Suspensions of bacterial cells were exposed to Meratrim in triplicate
at concentrations of 313, 625, 1250, 2500 and 5000 µg/plate. The
suspensions were mixed with an overlay agar and plated immediately onto
minimal medium. After 48 h incubation at 37 ± 2 °C, revertant colonies
were counted manually and compared to the number of spontaneous
revertant colonies on vehicle and control plates.
2.8. Mammalian erythrocyte micronucleus test
Thirty
male and thirty female healthy young (8–12 weeks old) Swiss albino mice
from the animal facility of Shriram Institute for Industrial Research
(Delhi, India) were randomized into three groups (n = 20/group; 10/sex).

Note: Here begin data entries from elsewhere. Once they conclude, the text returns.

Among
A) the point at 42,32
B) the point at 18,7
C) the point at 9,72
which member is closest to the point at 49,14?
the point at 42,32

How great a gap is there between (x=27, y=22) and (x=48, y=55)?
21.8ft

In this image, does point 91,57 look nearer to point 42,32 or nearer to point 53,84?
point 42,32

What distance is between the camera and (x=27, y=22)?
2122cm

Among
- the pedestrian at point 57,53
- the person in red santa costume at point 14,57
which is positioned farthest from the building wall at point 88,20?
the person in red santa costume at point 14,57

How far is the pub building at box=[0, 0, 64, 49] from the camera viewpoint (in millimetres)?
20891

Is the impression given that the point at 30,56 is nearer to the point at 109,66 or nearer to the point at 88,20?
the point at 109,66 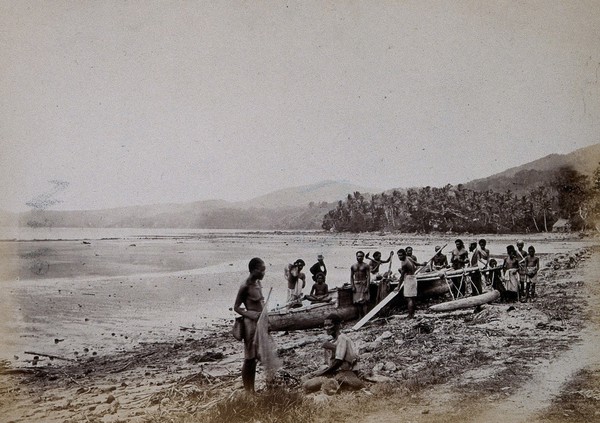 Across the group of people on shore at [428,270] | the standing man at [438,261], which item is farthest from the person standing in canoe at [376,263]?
the standing man at [438,261]

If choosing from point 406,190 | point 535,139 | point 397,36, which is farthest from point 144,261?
point 535,139

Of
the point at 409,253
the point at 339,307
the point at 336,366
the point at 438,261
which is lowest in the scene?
the point at 336,366

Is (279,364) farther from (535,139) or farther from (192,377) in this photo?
(535,139)

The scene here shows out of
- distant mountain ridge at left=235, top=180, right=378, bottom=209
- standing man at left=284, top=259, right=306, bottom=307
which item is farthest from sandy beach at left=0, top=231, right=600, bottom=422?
distant mountain ridge at left=235, top=180, right=378, bottom=209

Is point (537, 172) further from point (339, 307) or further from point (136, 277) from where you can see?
point (136, 277)

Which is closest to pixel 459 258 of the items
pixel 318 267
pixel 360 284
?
Result: pixel 360 284

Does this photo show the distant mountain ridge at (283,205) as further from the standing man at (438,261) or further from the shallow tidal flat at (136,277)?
the standing man at (438,261)

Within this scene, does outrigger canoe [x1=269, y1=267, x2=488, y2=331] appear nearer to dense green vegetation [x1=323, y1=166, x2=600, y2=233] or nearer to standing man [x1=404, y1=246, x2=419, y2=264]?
standing man [x1=404, y1=246, x2=419, y2=264] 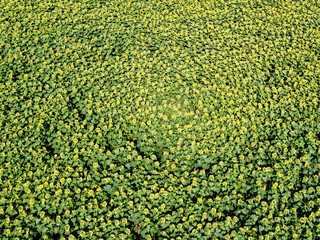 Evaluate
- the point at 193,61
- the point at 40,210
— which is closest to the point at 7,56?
the point at 40,210

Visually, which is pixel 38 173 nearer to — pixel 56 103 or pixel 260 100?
pixel 56 103

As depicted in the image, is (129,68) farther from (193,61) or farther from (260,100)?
(260,100)

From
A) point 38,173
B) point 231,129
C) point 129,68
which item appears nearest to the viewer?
point 38,173

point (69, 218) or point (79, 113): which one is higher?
point (79, 113)

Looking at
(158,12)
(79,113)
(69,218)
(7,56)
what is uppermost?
(158,12)

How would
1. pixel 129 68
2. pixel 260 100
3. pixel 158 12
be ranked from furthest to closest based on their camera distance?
1. pixel 158 12
2. pixel 129 68
3. pixel 260 100

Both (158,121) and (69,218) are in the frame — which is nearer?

After randomization, the animals were housed in polypropylene cages
with each cage containing five animals per sex per group. Corn oil was
used as the vehicle for oral gavage of Meratrim. Oral administration was
chosen as it is the recommended route for human supplementation.
After
acclimation, mice were orally administered either corn oil (negative
group), Meratrim (test group) at 2000 mg/kg bw (20% corn oil
suspension), or cyclophosphamide (positive control) at 40 mg/kg bw. The
animals were sacrificed by cervical dislocation at 24 (n = 10/group;
5/sex) and 48 (n = 10/group; 5/sex) hours after dose administration. Two
hundred erythrocytes in the bone marrow cells of each animal were used
to score the total number of mature and immature erythrocytes. The
number of micronuclei per 2000 immature erythrocytes was also recorded.
The number of immature erythrocytes and mature erythrocytes, percent of
immature erythrocytes, and the number of micronuclei in immature
erythrocytes were all analyzed by ANOVA. A p-value <0.05 was
considered statistically significant.